Cherished – Praised – Unwanted

Household items between desire and reality

In this exhibition, the users of household appliances got a chance to speak, providing an insight into recollections of not only treasured companions, but also unwanted gifts and disappointed promises.
ENDED
Technical objects are more than just practical tools. They shape our living environments and influence our everyday actions. The way objects are developed, marketed, appropriated and used has to do with wishes, expectations and projections.
 
Household appliances always give rise to promises, such as saving of time and effort, cleanliness or convenience. Brand names often back up these advertising promises: The “Super Soft Plus” epilator makes hair removal seem like a pain-free process and names like “Supermax” and “Tornado” make vacuum cleaners seem to have almost unlimited power. And pressure cookers do not just speed up the process of cooking, they make it “Rapido”, “Presto” and “Turbo”.
 
Company brochures and directions for use advertise the benefits of products and try to position them as symbols of progress and modernity. At the same time, they are a reflection of the times.

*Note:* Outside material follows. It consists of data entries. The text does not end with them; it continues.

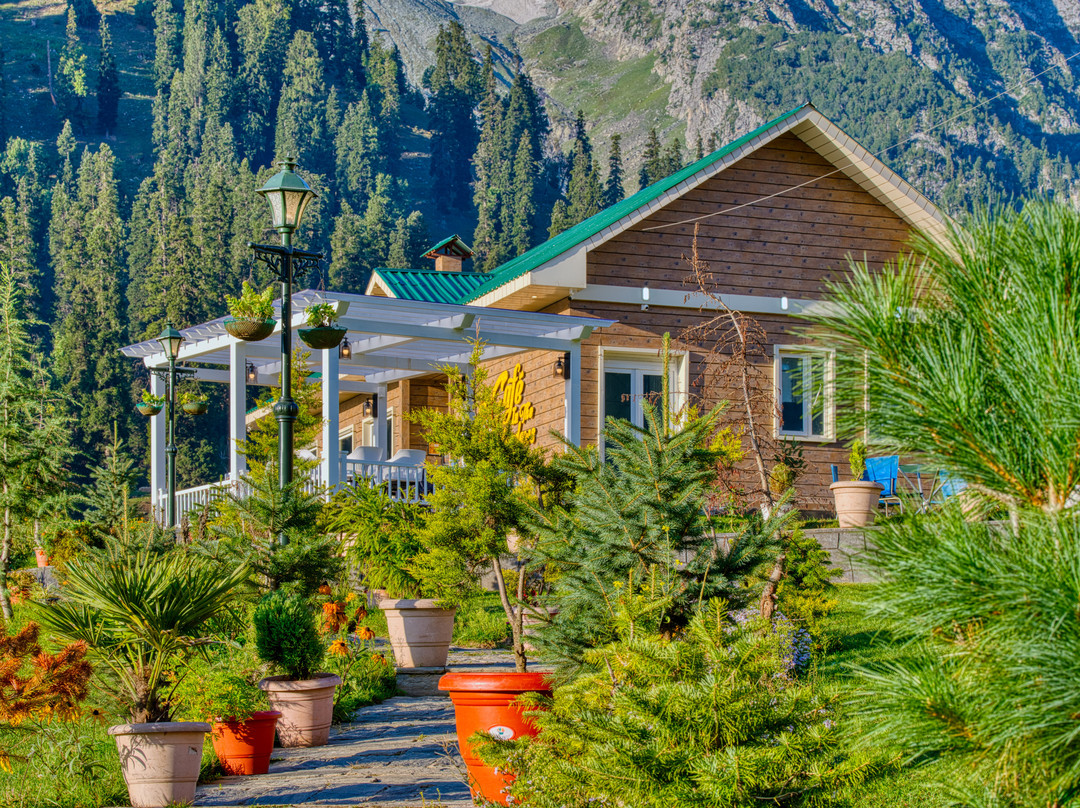 Golden Meadows Hotels & Resort主图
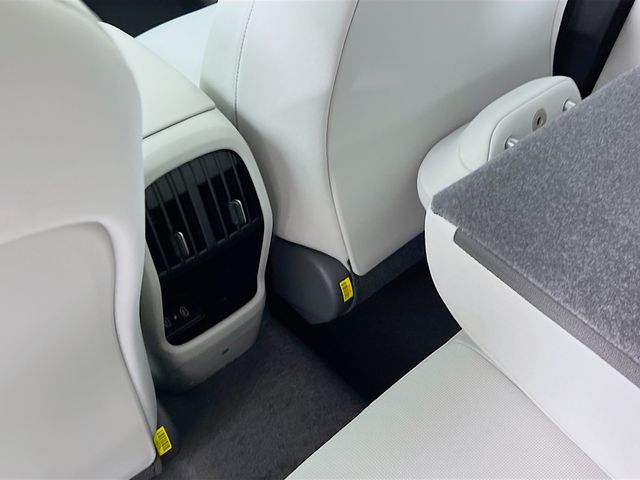 Vehicle image 21 of 24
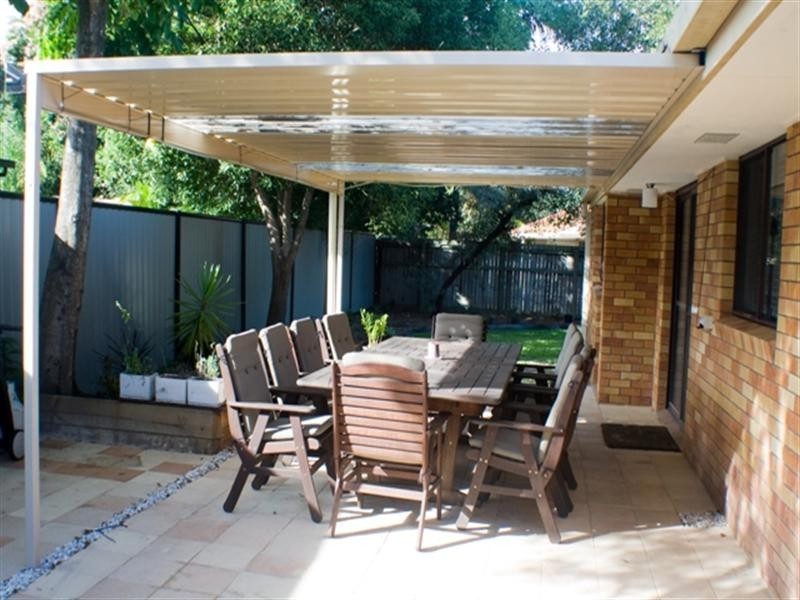 84 Ironbark Street, Elanora QLD 4221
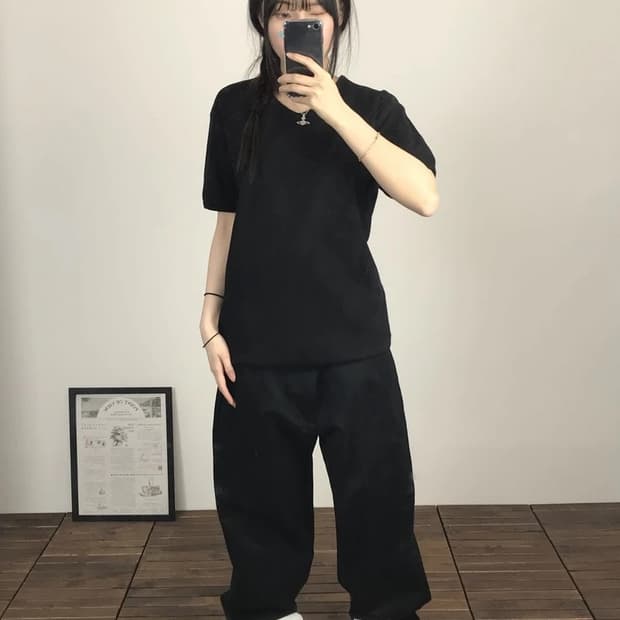 AVIREX Black V Neck Tee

Indeed, many of these product leaflets from the days when households were supplied with electricity for the first time – from the 1920s to the 1960s – and beyond that period are aimed specifically at “housewives”, sustaining conventional roles and social norms.
 
The exhibition “Cherished – Praised – Unwanted” illuminated the interaction between the world of objects and our living environments in using household appliances and answered such questions as what a ground-breaking innovation refrigerators once used to be and why the electric mascara brush did not establish itself.